Driven by Merrell and Sperry Top-Sider, Wolverine Worldwide projected last week that its revenues would reach $4.1 billion by 2018, up from $2.7 billion projected for the current year. The goal, offered at its annual investor meeting, represents a compound annual growth rate (CAGR) of 8.5 percent.

On a combined basis, revenues for Merrell and Sperry Top-Sider, its two biggest brands, are expected to represent $2 billion in 2020, when overall revenues for Wolverine Worldwide are expected to reach between $4.6 billion and $4.7 billion. Merrell currently was said to be “approaching $600 million” with Sperry at a similar level. Growing “a little bit faster,” Sperry is expected to surpass Merrell in terms of overall revenue size within four years.

Among its different segments, Lifestyle Group (including Sperry, Hush Puppies, Keds and the Stride Rite Children's Group) is expected to see the strongest growth rate, rising 9.1 percent on CAGR basis from 2013 to 2018. Growth well above the company CAGR average of 8.5 percent in the double-digits is planned for Sperry with even faster growth for Keds.

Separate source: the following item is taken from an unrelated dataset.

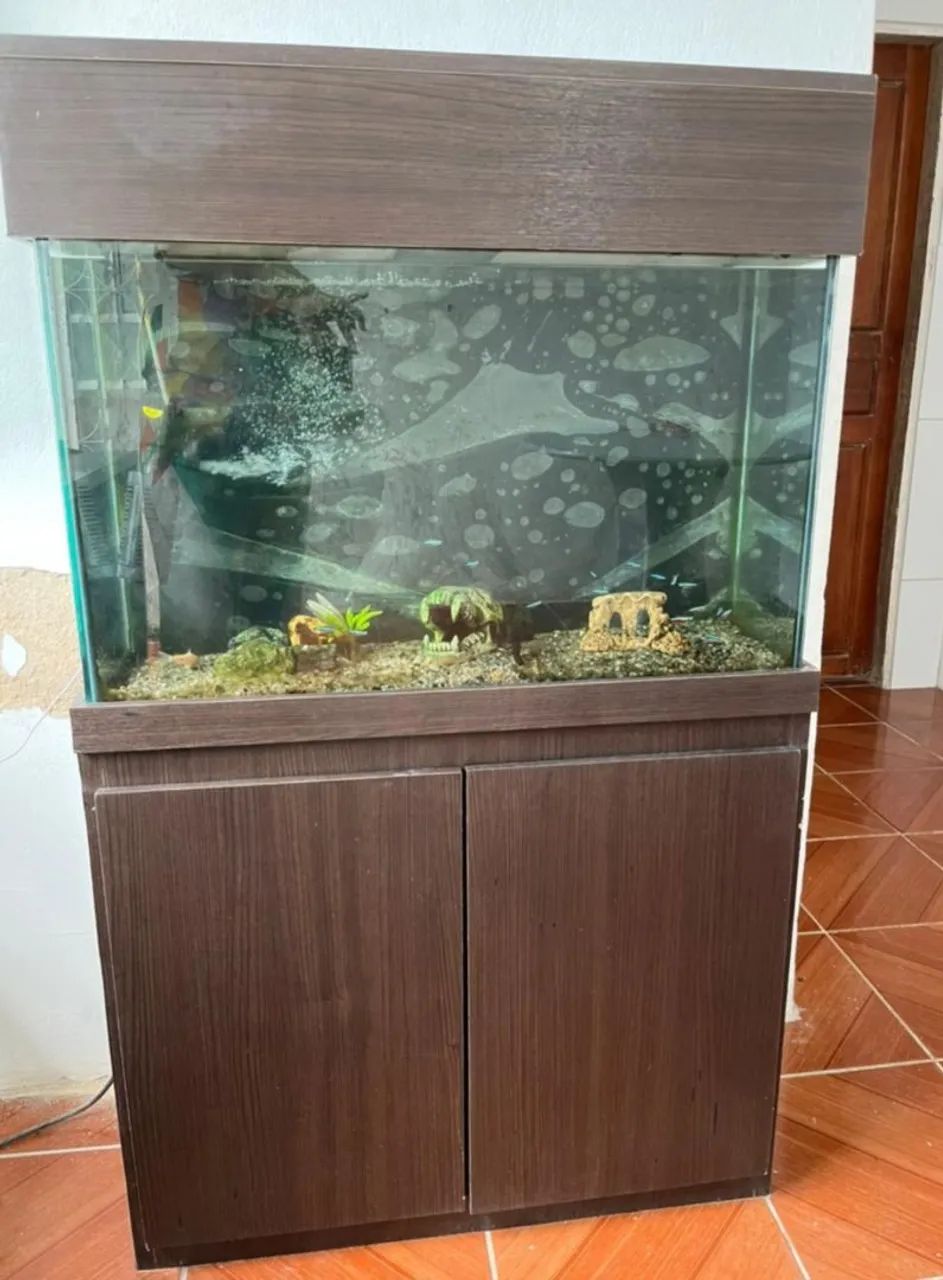 Black Friday  de verdade!64316920698627120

Low-to-mid-single digit growth was projected for Stride Rite Children's Group and Hush Puppies.

The Performance Group (Merrell, Chaco, Cushe, and Patagonia Footwear) is expected to expand at an 8.0 percent CAGR over the four-year period. Merrell’s growth is expected to come in slightly ahead of the company’s average of 8.5 percent with Saucony expected to expand closer to a double-digit rate. On a much smaller base, Chaco is expected to see healthy double-digit growth, with slightly faster growth for Cushe.

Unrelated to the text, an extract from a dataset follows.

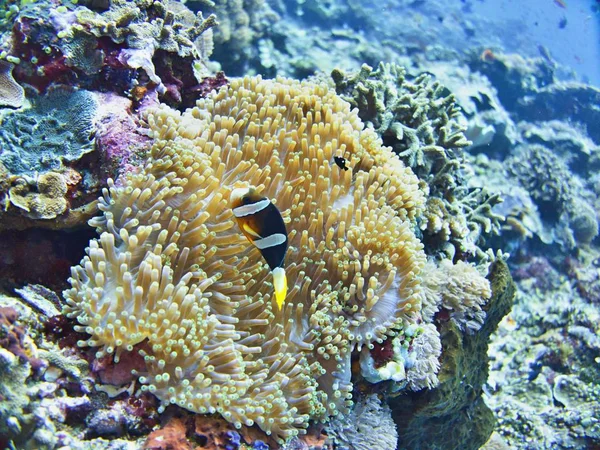 Peixe Arlequim Com Anêmona Mar Coral Bali Indonésia — Fotografia de Stock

Heritage – consisting of Wolverine, Cat Footwear, Bates, Sebago, Harley-Davidson Footwear and HyTest – is expected to grow at a 7.7 percent CAGR. Healthy, better-than-average growth is projected for Sebago and Harley Davidson.

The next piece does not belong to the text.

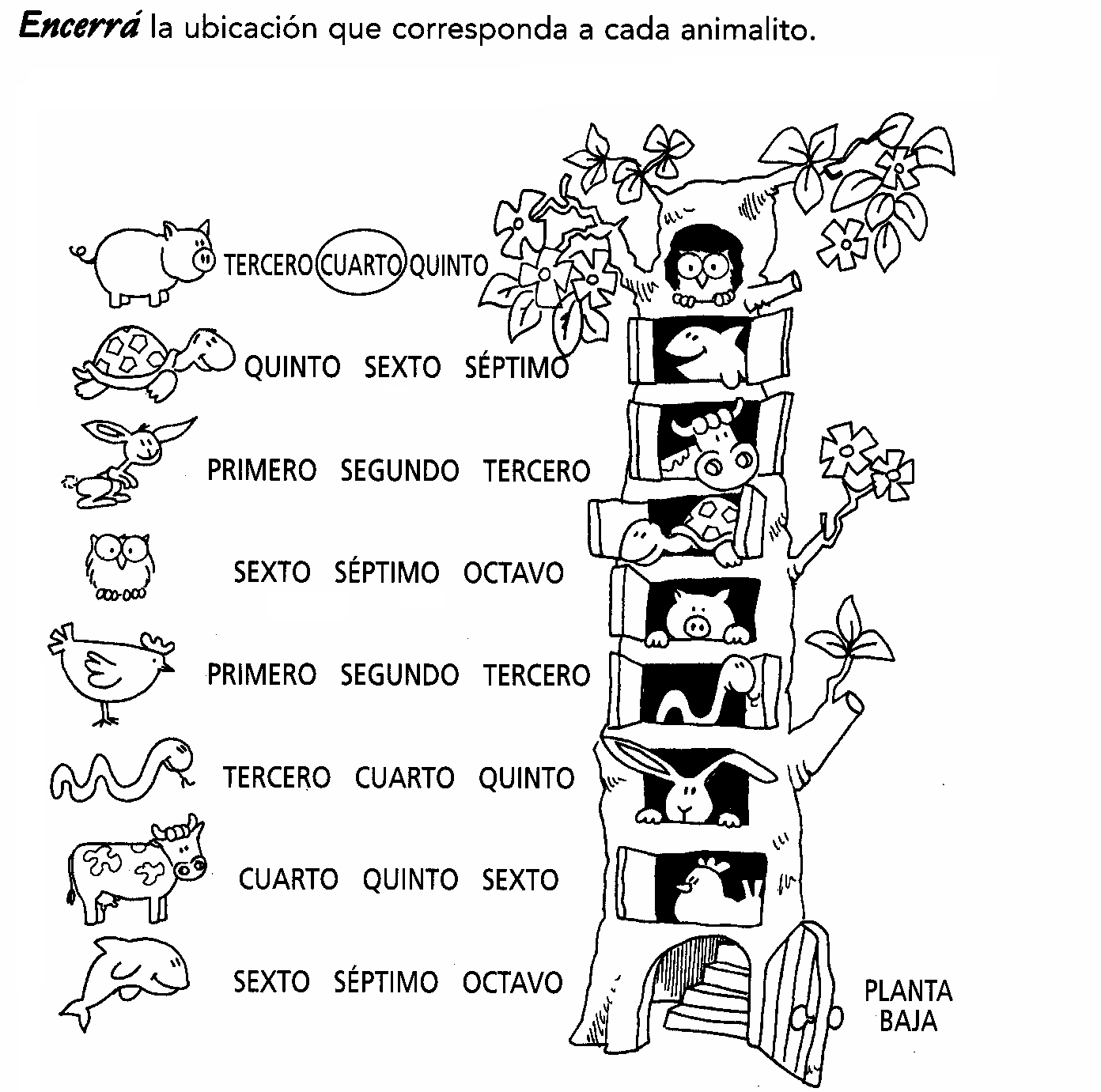 Aula Seño Sory...: Números ordinales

By 2018, Lifestyle is expected to make up 44 percent of Wolverine Worldwide’s sales; Performance, 35 percent; and Heritage, 21 percent;

Other projections made for the period from 2013 to 2018:

•    In the U.S., CAGR of 8 percent companywide is expected over the 4-year period, aided by new store openings, largely Merrell and Sperry Top-Sider stores; as well as a planned multi-brand concept. By 2018, the U.S. will still be by far its biggest market, contributing 69 percent of sales;
•    In other regions, the highest growth is expected to come from Asia-Pacific, expected to grow at a CAGR of 15 percent. The Latin America is expected to grow at a CAGR from 2013 to 2018 of 12 percent; Canada, 8 percent; and EMEA, 7 percent. By 2018, the EMEA will account for 15 percent of revenues; Canada, 7 percent; Asia Pacific, 5 percent; and Latin America, 4 percent;
•    International revenues are expected to grow at a 9 percent CAGR from 2013 to 2018. Its recently-acquired Boston-based brands (Sperry, Saucony, Keds, Stride Rite) are expected to grow revenue outside the U.S. to over $300 million by 2018, more than double from where it is currently. Wholesale outside the U.S. are expected to account for 21 percent of sales for those four brands revenues by 2018, up from mid-teens percent currently. That international expansion is expected to be led primarily by Sperry and Keds, given that Saucony has a bigger base of international business today;
•    Consumer Direct is expected to expand at a CAGR of 10 percent over the 4-year period. Across all brands, its store count is expected to reach 591 by 2018, up from 466 expected at the close of 2013. By channel, wholesale is expected to represent 81 percent of sales by 2018; brick & mortar, 14 percent; and e-commerce, 5 percent. The gain is also expected to be supported by comp growth of 4 percent on average;
•    Apparel and accessories are expected to reach $175 million in revenues by 2018 through Sperry, Wolverine, Merrell, Hush Puppies and Sebago. By 2018, apparel/accessories are expected to make up 5 percent of sales, footwear, 96 percent.
•    Gross margins are expected to improve 190 basis points to 42.1 percent by 2018, up from 40.2 percent in 2013;
•    SG&A is expected to be cut 170 basis points to 29.6 percent from 31.3 percent;
•    Marketing investments are still expected to expand to 6.5 percent of sales by 2018, up from 4.8 percent in 2013;
•    Operating margin is expected to improve 360 basis points to 12.5 percent from 8.9 percent;
•    EPS is expected to reach $5.80 in 2018 from $2.78 in 2013, representing a CAGR of 15.8 percent;
•    Merrell and Sperry are expected to make the biggest impact on operating profits, with Saucony and Stride Rite being positioned as similar profit drivers in the future. “Small but profitable brands” include Harley-Davidson, Bates, Sebago, Chaco, and Patagonia. Both Keds and Cushe are losing money but expected to earn a profit in 2014.